The Whig-Tory struggle in the Carolinas was brutal, with neighbors fighting neighbors and sometimes families being torn apart. Bands from both sides roamed the countryside, either supporting the Continentals and Regulars or acting as independent bands. Spies and traitors lurked everywhere. British gold easily bought information. Exactly how they found out that Martha held a store of the powder is unknown. What is known is they approached her farm to demand she turn it over or face reprisal.

But spies worked both ways, and someone raced to the Bratton farm to warn Martha of the approaching column. She knew she did not have time to move it—it filled a nearby shed. What to do?


Gunpowder was a valuable commodity


Martha ordered one of her slaves, named Watt, to bring her a flaming piece of wood from the kitchen stove. Before the British could arrive, Martha tossed the flaming faggot into the shed, and in seconds it blue sky high with a thunderous boom that sent chunks of burning logs into the air and thumping into the fields around them.



Gunpowder explosion

The explosion warned the British, who arrived to see the last charred timbers of the shed collapse into a smoking pile. She defiantly told them, "Let the consequence be what it will. I glory in having prevented the mischief contemplated by the cruel enemies of my country."

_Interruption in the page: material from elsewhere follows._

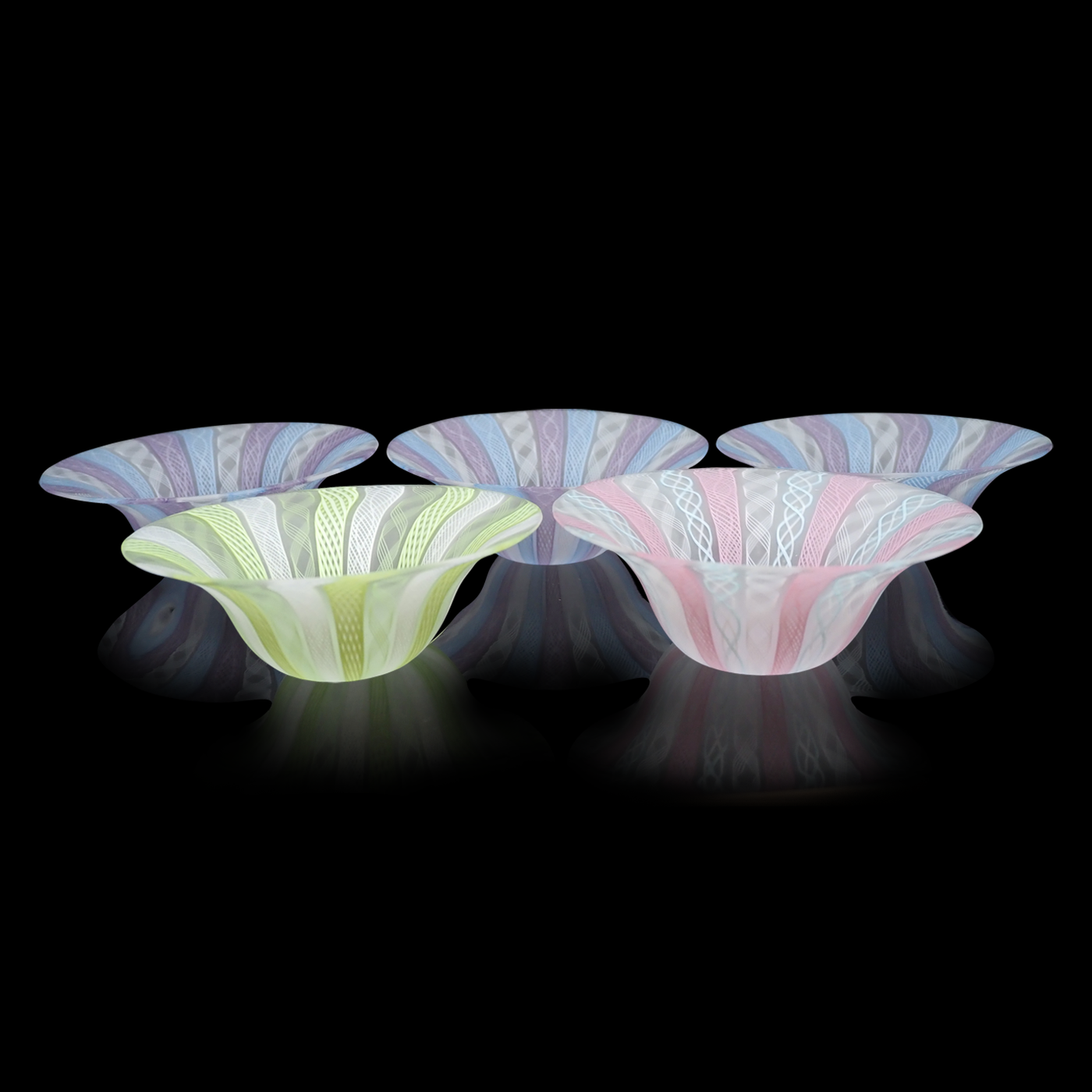 藤田喬平 手吹ヴェニス小鉢 五客揃 – Gallery Nisui 藤田喬平 手吹ヴェニス小鉢 五客揃 – Gallery Nisui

Martha had foiled them, but she was now marked as a rebel, and they would keep an eye on her and the Bratton farm.

By the summer of 1780, the war was setting York County ablaze. Columns of British Regulars, patrols of mounted dragoons, and bands of Tories and Loyalist Provincials scoured the land. This was the epic struggle between American partisans like Sumter and Marion and the likes of Banastre Tarleton and Patrick Ferguson. But the most hated enemy was the Loyalist officer of the British Legion, the German-born Captain Christian Huck. In a struggle that featured brutality on both sides, Huck stood tall. He rampaged across the state, destroying rebel property, burning homes, and killing his enemies.

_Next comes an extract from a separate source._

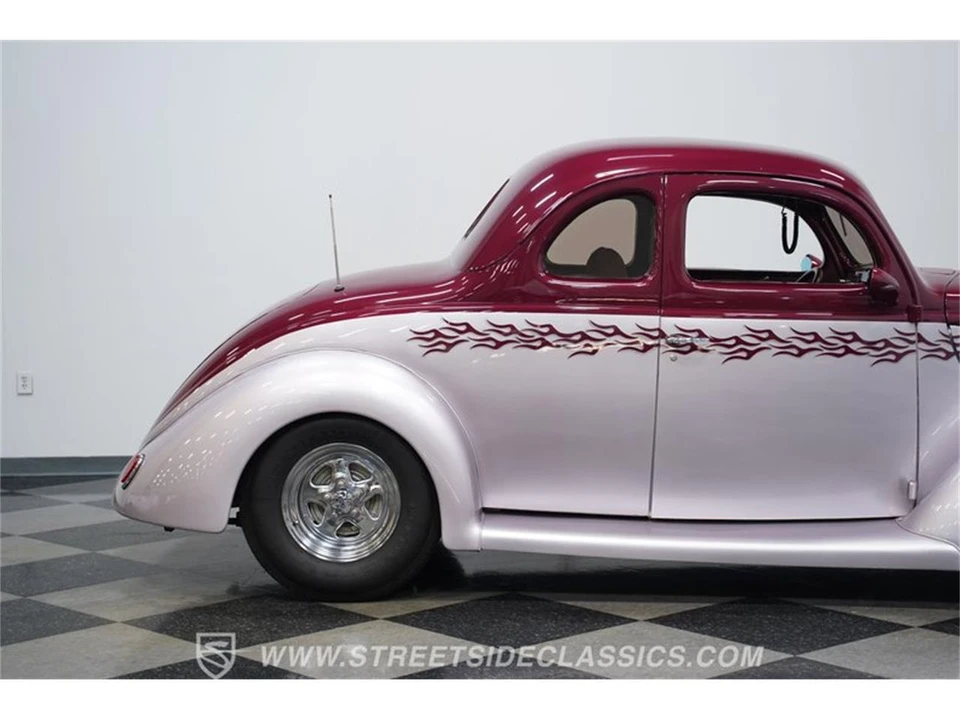 1938 Ford Standard & Deluxe & Super Deluxe - Image 27 of 31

Loyalist Dragoons rampaged the Carolinas

On 10 July, Huck set out to arrest rebel leaders in York County at the head of 120 determined men, But word spread like wildfire, sending most scurrying for safety. On Huck's list was the husband of the rebel whose wife had humbugged the British before—William Bratton. As they rode hell-bent for leather toward the plantation, Huck's men, true to form, took foodstuff, horses, and other valuables from the small farms along the way.

Fortunately, Colonel Bratton's militia regiment was on the Catawba River, where it had joined up with General Thomas Sumter's forces. Huck's troops arrived at the Bratton plantation as the sun was setting on 11 July. Knowing the threat Huck and his men posed, Martha Bratton sent Watt to warn her husband of their presence.


Martha sends Watt to warn her husband

Entering her log home, Huck demanded to know her husband's whereabouts.


Notorious Christian Huck

"You'll have to find him on your own, as I am not privy to his whereabouts, sir," she told the British commander.

An enraged officer reached for a reaping hook dangling from the wall and thrust the cutting edge to her throat. "Madam, you'll tell us what we want, or you'll not say anything again, as your pretty head will be shorn from your shoulders!"


Martha defied all threats


Martha straightened and glared defiantly. "Even if I knew where my husband and the militia were. I would not betray them or my country, sir. Do your worst!"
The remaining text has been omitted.